_TASK DIRECTIONS_
Output every entry below exactly, without its pictures.

-*-*-

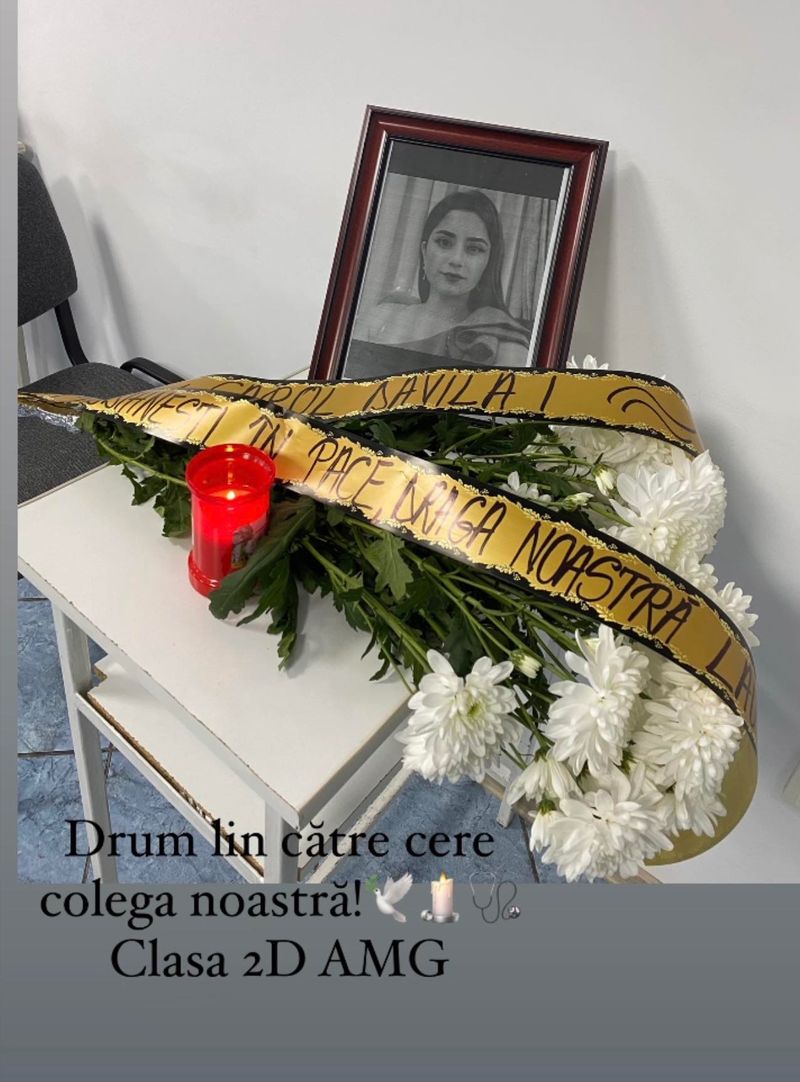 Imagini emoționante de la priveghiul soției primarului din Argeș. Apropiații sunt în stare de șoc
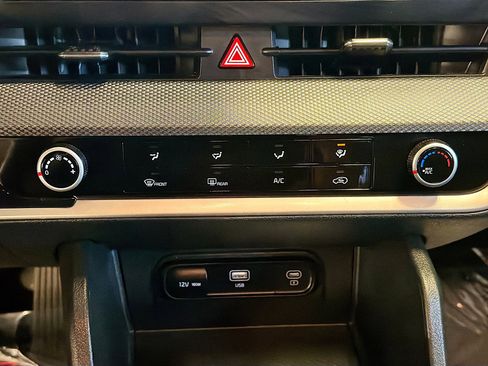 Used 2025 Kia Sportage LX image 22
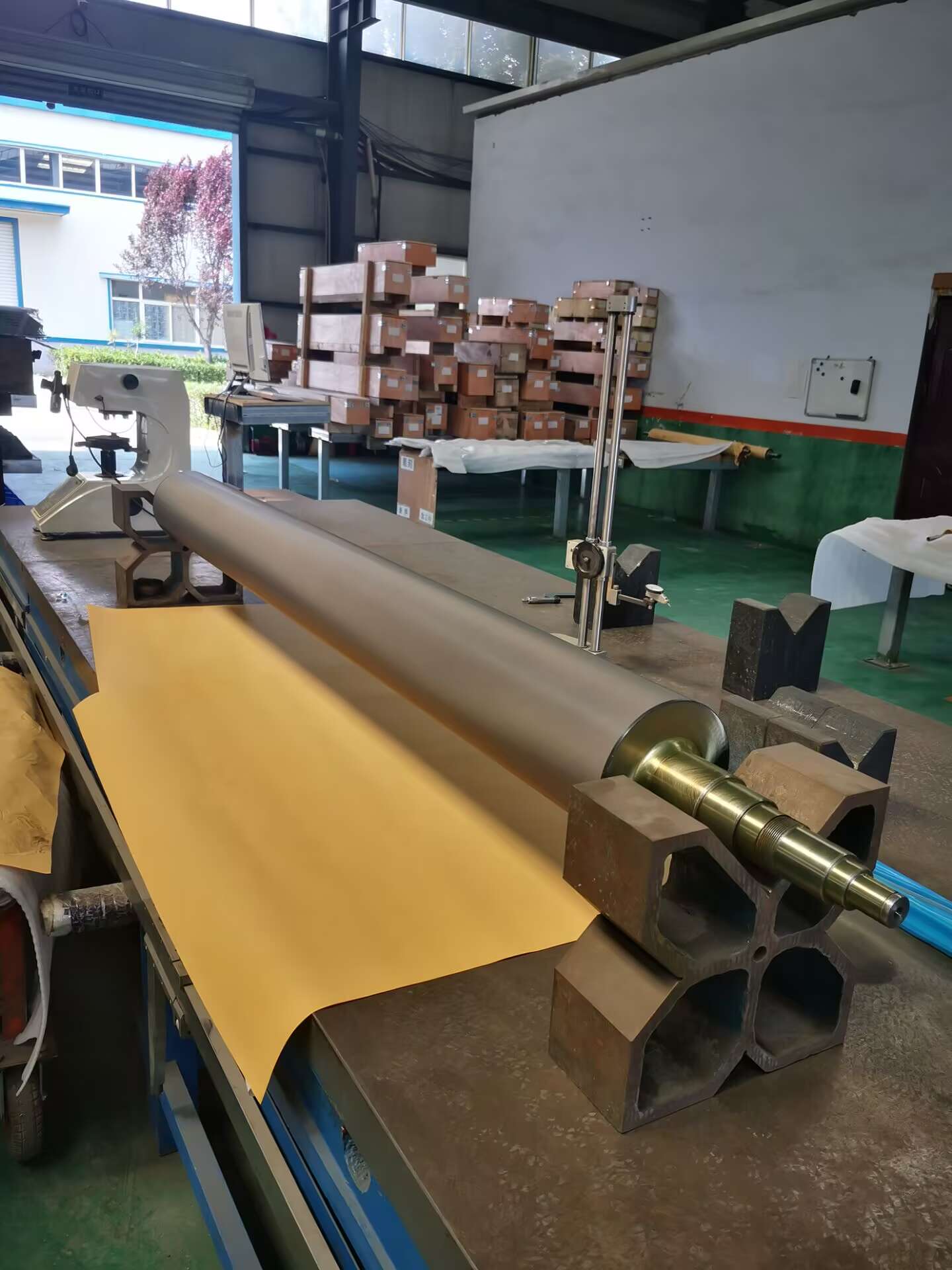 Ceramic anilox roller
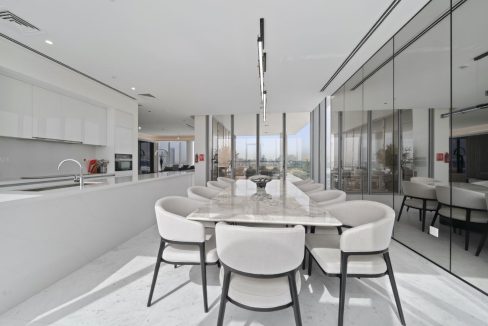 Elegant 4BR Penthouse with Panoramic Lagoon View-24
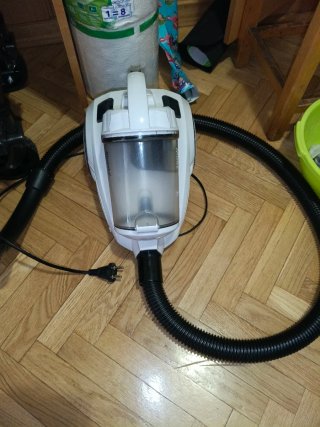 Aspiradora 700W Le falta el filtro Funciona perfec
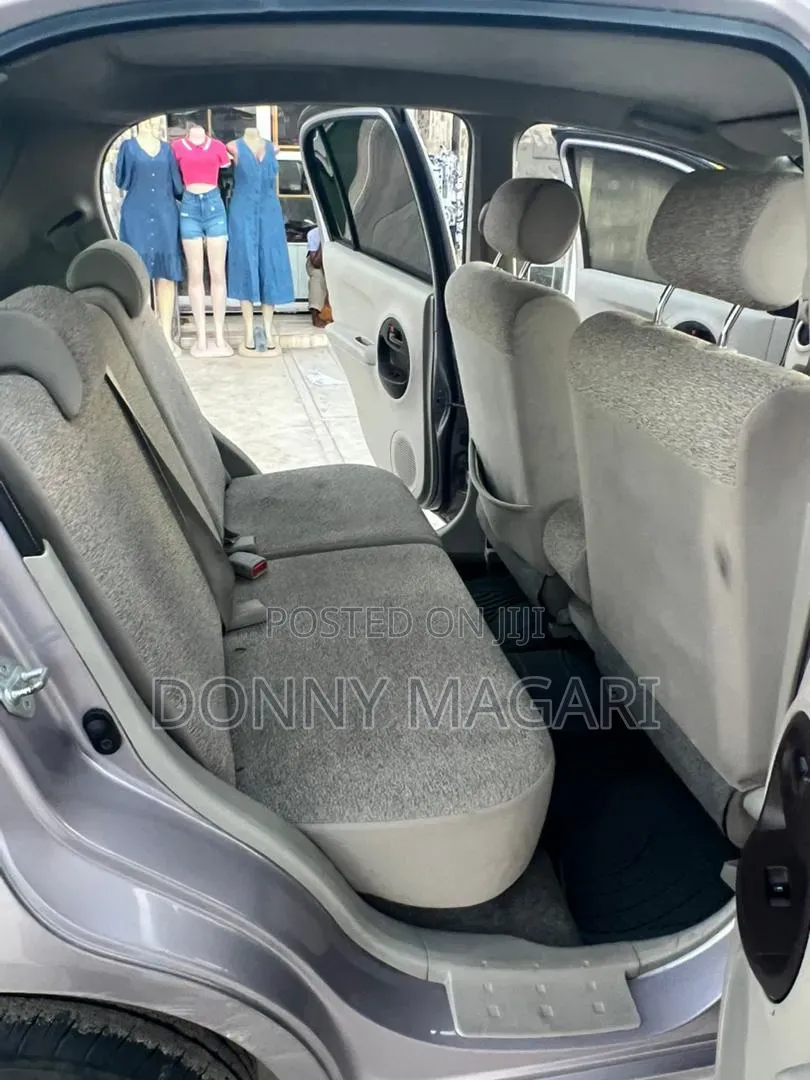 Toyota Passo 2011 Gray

-*-*-

_EXPECTED ANSWER_
 Imagini emoționante de la priveghiul soției primarului din Argeș. Apropiații sunt în stare de șoc
 Used 2025 Kia Sportage LX image 22
 Ceramic anilox roller
 Elegant 4BR Penthouse with Panoramic Lagoon View-24
 Aspiradora 700W Le falta el filtro Funciona perfec
 Toyota Passo 2011 Gray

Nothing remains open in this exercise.